YOUR ASSIGNMENT: Each line from the first entry to the line with "Vibrant Wheat Field under Clear Blue Sky", both included, is to be returned unchanged, with any pictures dropped.

---

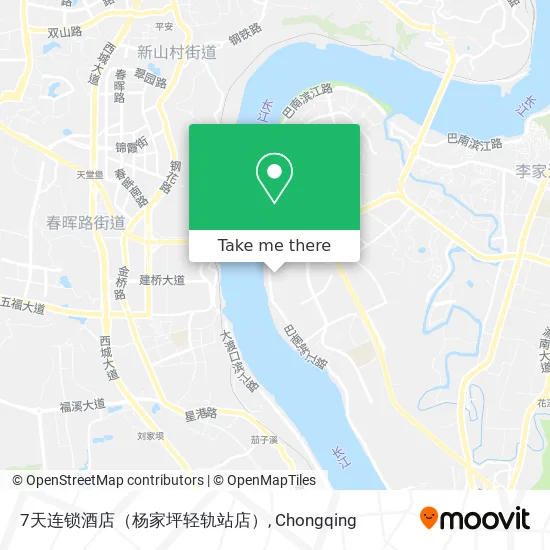 7天连锁酒店（杨家坪轻轨站店） map
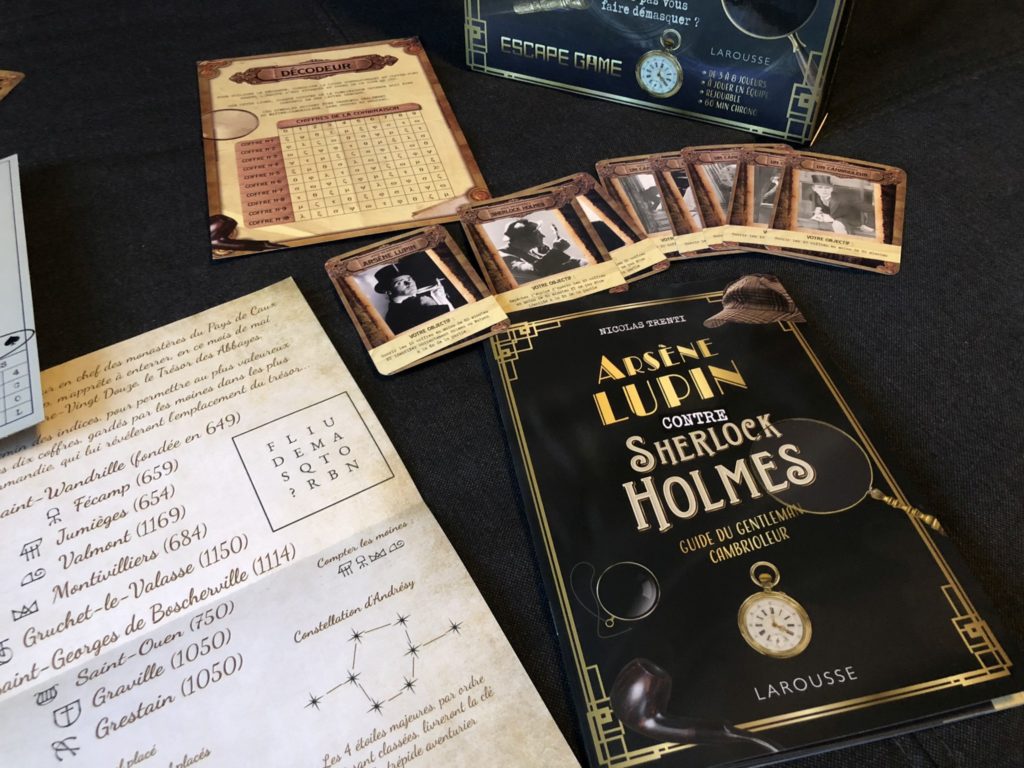 Placard Ludique – Arsène Lupin contre Sherlock Holmes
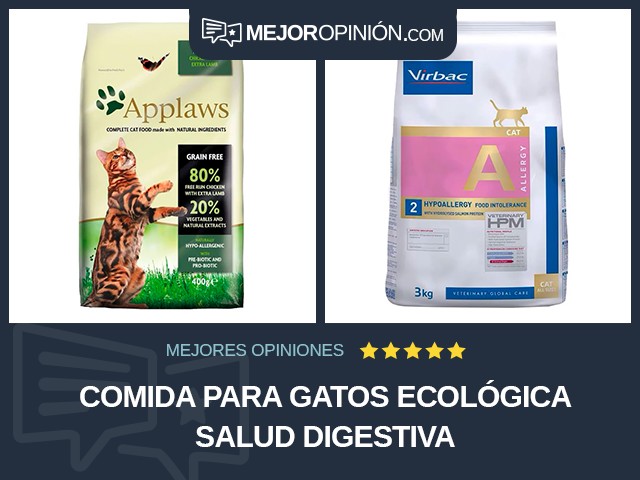 Comida para gatos Ecológica Salud digestiva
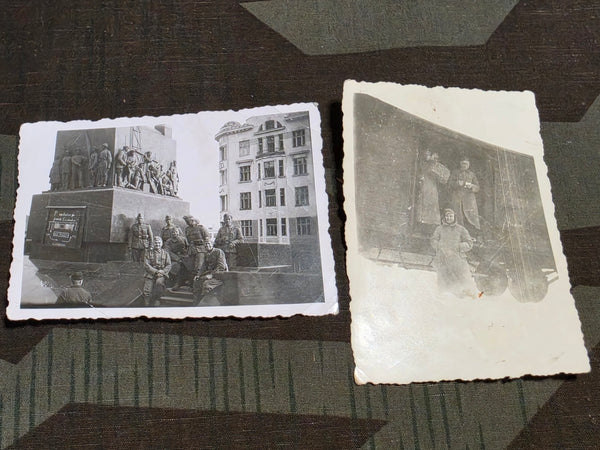Lot of 6 Wehrmacht Photos (Planes, Vehicles, Monument)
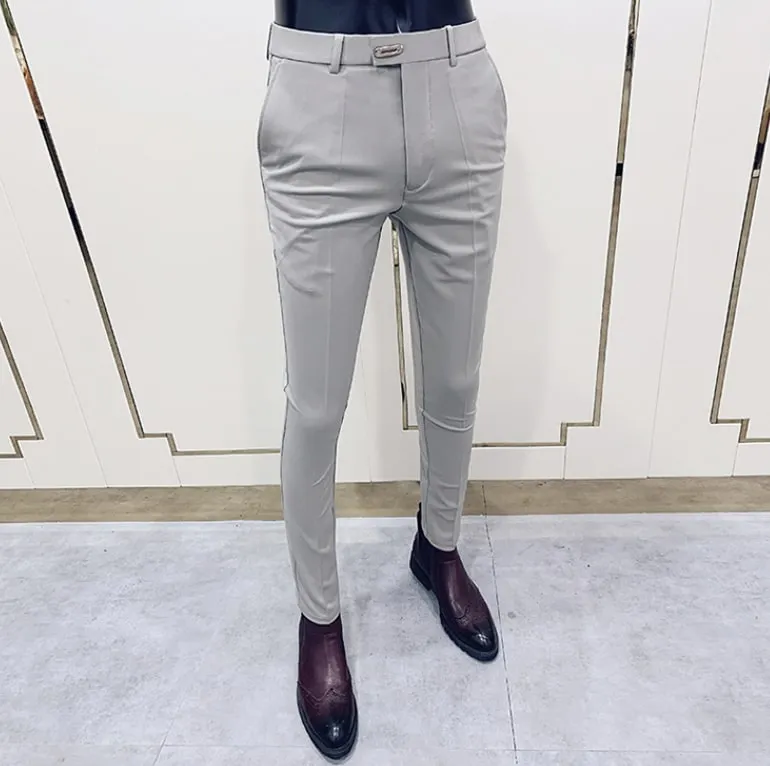 Antonios Khaki Casual Pants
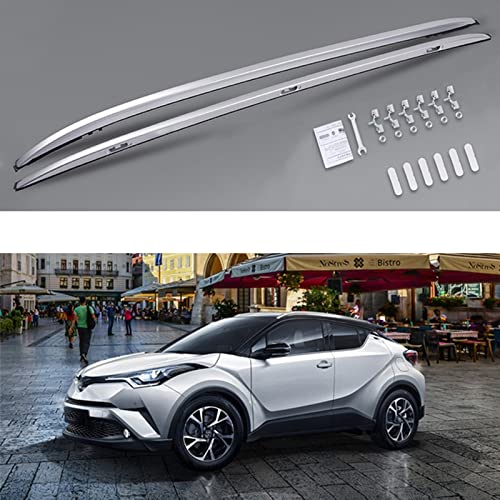 Gtfreedom Portaequipajes Rieles de Techo de aleación de Aluminio Barras de Transporte de Equipaje Barras Cruzadas Superiores Cajas de riel de Bastidor, para Toyota CHR CH-R 2018-2020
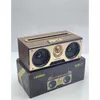 Wholesale Could Custom Your logo Retro Wooden Portable Bluetooth Speaker Outdoor Subwoofer Rradio TF Card Wireless Speaker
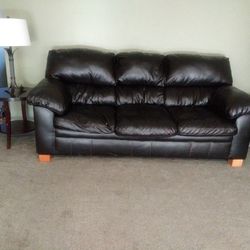  Dark Brown Leather Couch, Smoke Free Home, and No Pet's.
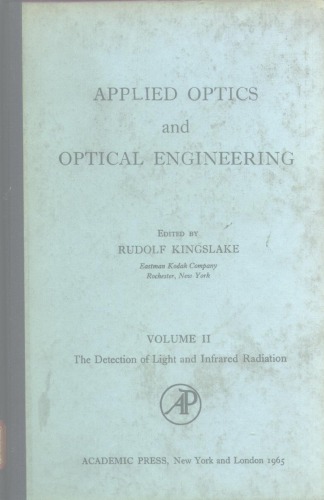 Applied optics and optical engineering,Vol.II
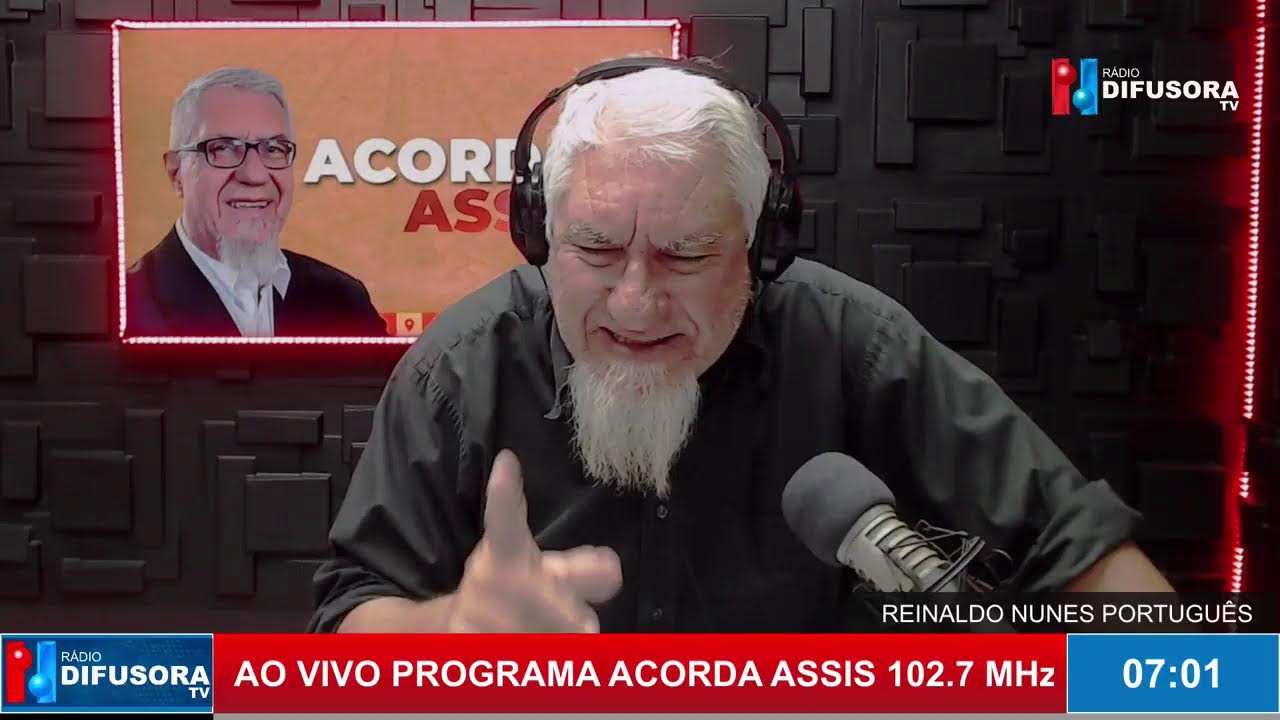 Programa Acorda Assis! Quarta-feira, 18 de Março de 2026. Apresentação Reinaldo Nunes 'Português'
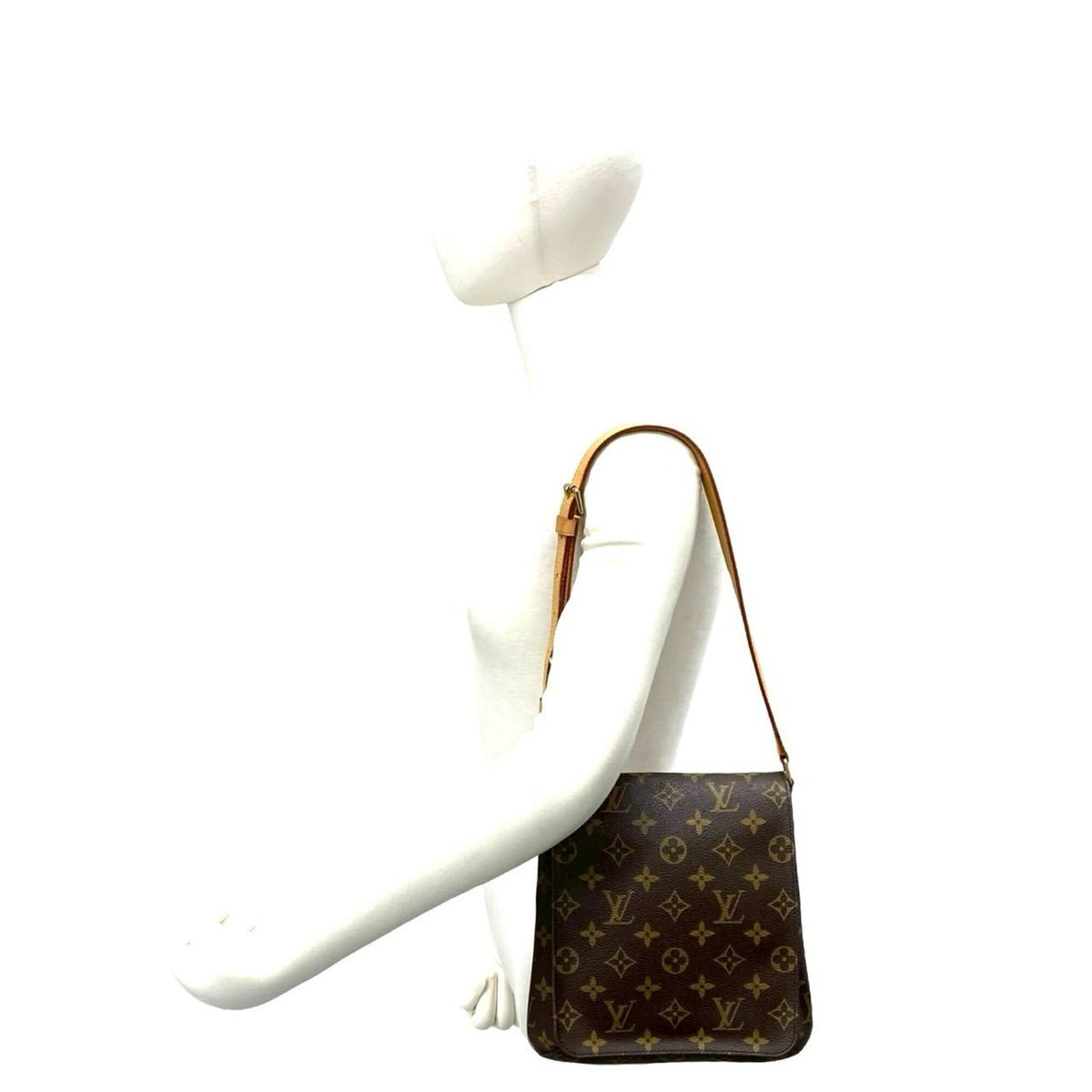 Louis Vuitton Brown Leather Pvc Pochette Shoulder Bag (Pre-Owned)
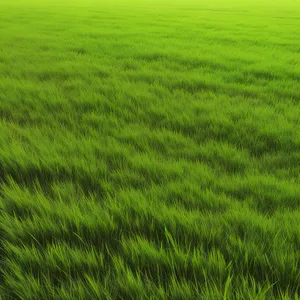 Vibrant Wheat Field under Clear Blue Sky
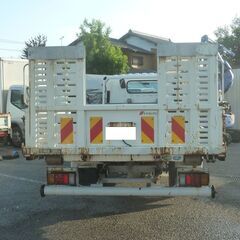 H.24(2012)年 いすゞ エルフ 2.9tフラトップ積載車AT ホワイト 極東フラトップ　開閉アオリ　ラジコン　ウィンチ　ＥＴＣ２．０　キーレス　ＡＢＳ　ＡＳＲ　集中ドアロック　エアバック　左電動格納ミラー　床フック　検8年7月　17288の画像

---

TASK RESPONSE:
 7天连锁酒店（杨家坪轻轨站店） map
 Placard Ludique – Arsène Lupin contre Sherlock Holmes
 Comida para gatos Ecológica Salud digestiva
Lot of 6 Wehrmacht Photos (Planes, Vehicles, Monument)
 Antonios Khaki Casual Pants
 Gtfreedom Portaequipajes Rieles de Techo de aleación de Aluminio Barras de Transporte de Equipaje Barras Cruzadas Superiores Cajas de riel de Bastidor, para Toyota CHR CH-R 2018-2020
 Wholesale Could Custom Your logo Retro Wooden Portable Bluetooth Speaker Outdoor Subwoofer Rradio TF Card Wireless Speaker
  Dark Brown Leather Couch, Smoke Free Home, and No Pet's.
 Applied optics and optical engineering,Vol.II
 Programa Acorda Assis! Quarta-feira, 18 de Março de 2026. Apresentação Reinaldo Nunes 'Português'
 Louis Vuitton Brown Leather Pvc Pochette Shoulder Bag (Pre-Owned)
 Vibrant Wheat Field under Clear Blue Sky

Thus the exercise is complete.